Import Datastore backup into BigQuery & Clean up old Datastore backup information.
- Setup Google Cloud Storage - Object Change Notification.
- Setup Datastore Scheduled Backups.
- Receive webhook and import data to BigQuery when create backup by cron.
- appengine(backup cron) -> GCS object (send notification by webhook) -> appengine(import into bq)

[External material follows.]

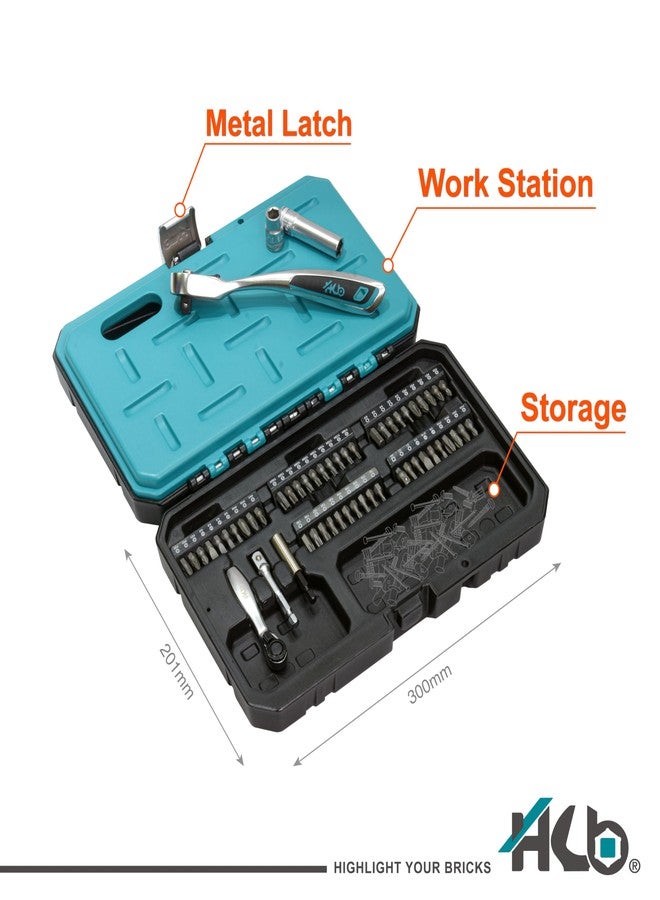 HB 74-Piece Socket Set AKX007-U, 120-Tooth Ratchet 3/8" Drive, 72-Tooth Stubby Mini Ratchet, SAE Standard & Deep Sockets, Impact Adapter, CR-V Steel, Storage Case, Made in Taiwan - Image 2
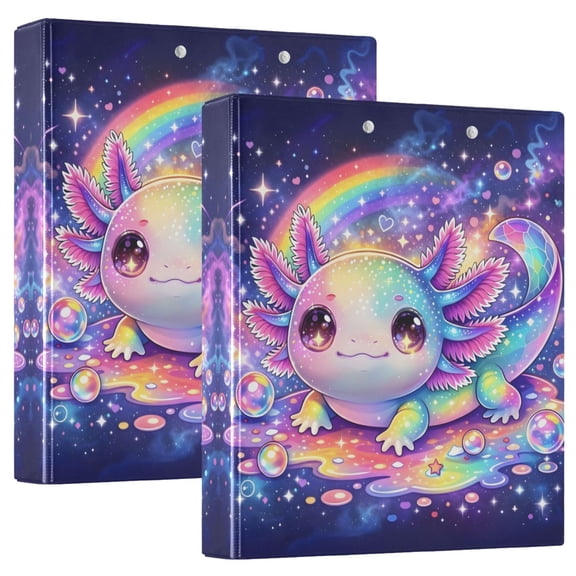 ALAZA Axolotl Glittery Starry Hardcover 3 Ring Binder 1.5" D-Rings with Interior Pockets Binders School 2 PCs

- Clean up backups on GCS files (by lifecycle) and meta data (on Datastore) by cron.
see example.
- Create Dataset at BigQuery
- https://bigquery.cloud.google.com/dataset/
- I'm using name
datastore_imports
usually.
- Create service account
- https://console.cloud.google.com/iam-admin/serviceaccounts/project
- I'm using name
gcs-objectchangenotification
usually. - Add
Storage Admin
role. - Download new key by JSON format.
- Add Domain verification
- If you want. This operation is required when GCS OCN send to custom domain.
- https://console.cloud.google.com/apis/credentials/domainverification
We will use above environment variables. You can change it with your favorite settings.

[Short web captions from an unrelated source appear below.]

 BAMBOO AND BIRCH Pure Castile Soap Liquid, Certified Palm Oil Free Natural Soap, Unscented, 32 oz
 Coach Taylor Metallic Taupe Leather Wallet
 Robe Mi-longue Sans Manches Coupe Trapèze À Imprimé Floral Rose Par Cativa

$ SERVICE_ACCOUNT_NAME=gcs-objectchangenotification
$ APP_ID=foobar
$ BACKUP_BUCKET=foobar-datastore-backups
$ API_ENDPOINT=https://foobar.appspot.com/api/gcs/object-change-notification
$ echo ${SERVICE_ACCOUNT_NAME} ${APP_ID} ${BACKUP_BUCKET} ${API_ENDPOINT}
We will exec some commands in local machine. set up gcloud command account that uses service account.
$ gcloud auth activate-service-account ${SERVICE_ACCOUNT_NAME}@${APP_ID}.iam.gserviceaccount.com --key-file <downloaded secret key file path>
$ gcloud auth list
https://cloud.google.com/storage/docs/object-change-notification
You MUST save the execution log.
$ gsutil acl ch -u ${APP_ID}@appspot.gserviceaccount.com:O gs://${BACKUP_BUCKET}
$ gsutil notification watchbucket ${API_ENDPOINT} gs://${BACKUP_BUCKET}
Watching bucket gs://foobar-datastore-backups/ with application URL https://foobar.appspot.com/api/gcs/object-change-notification ...

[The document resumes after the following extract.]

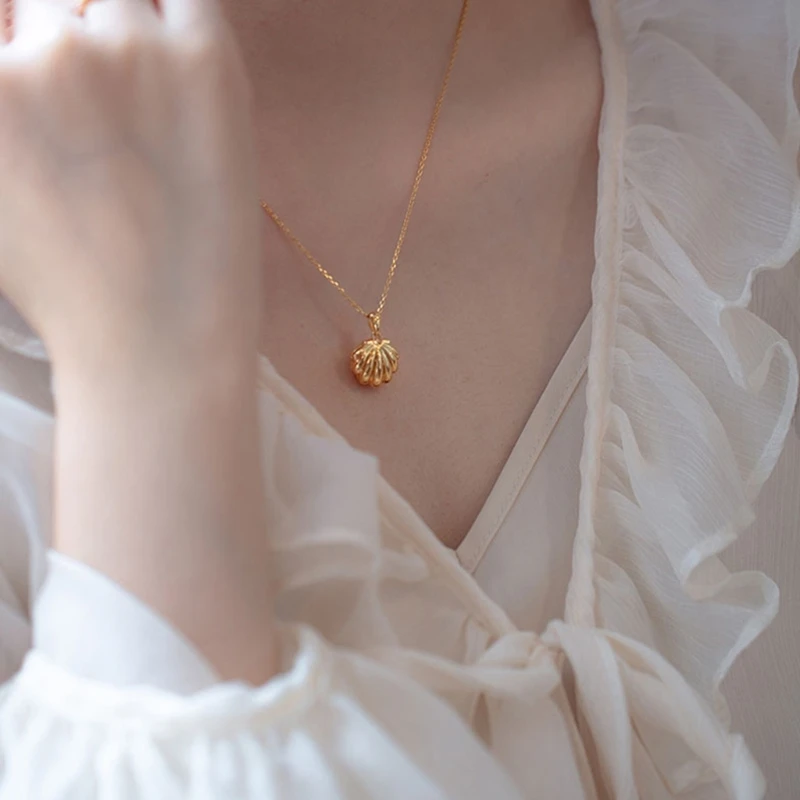 Trendy Gold Plated Shell Charm Choker With Freshwater Pearls For Daily Wear Date image 3
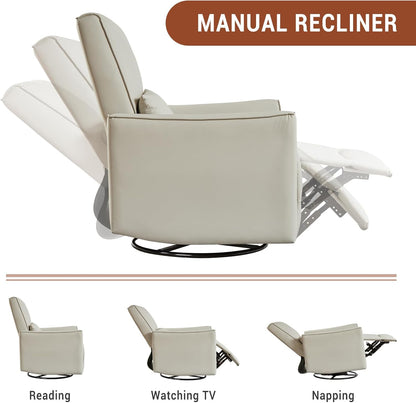 GarveeHome Recliner Chair, 360° Swivel Rocker Glider Nursery Chair with Padded Armrest and Deep Seat, PU Leather Upholstered Reclining Sofa Chair for Living Room, Bedroom and Nursery (White)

Successfully created watch notification channel.
Watch channel identifier: XXXXX
Canonicalized resource identifier: YYYYYY
Client state token: None
If you want to stop receiving, You can stop the channel.
$ gsutil notification stopchannel XXXXX YYYYYY
This parameters can't obtaine again using any command. (isn't it?)
https://cloud.google.com/storage/docs/managing-lifecycles
Set up expire duration same as DatastoreManagementService#ExpireDuration
(go code).
$ cat additional-settings.json
{
"lifecycle": {
"rule": [
{
"action": {
"type": "Delete"
},
"condition": {
"age": 30
}
}
]
}
}
$ gsutil lifecycle get gs://${BACKUP_BUCKET} > bucket-lifecycle.json
# merge JSON manually
$ gsutil lifecycle set bucket-lifecycle.json gs://${BACKUP_BUCKET}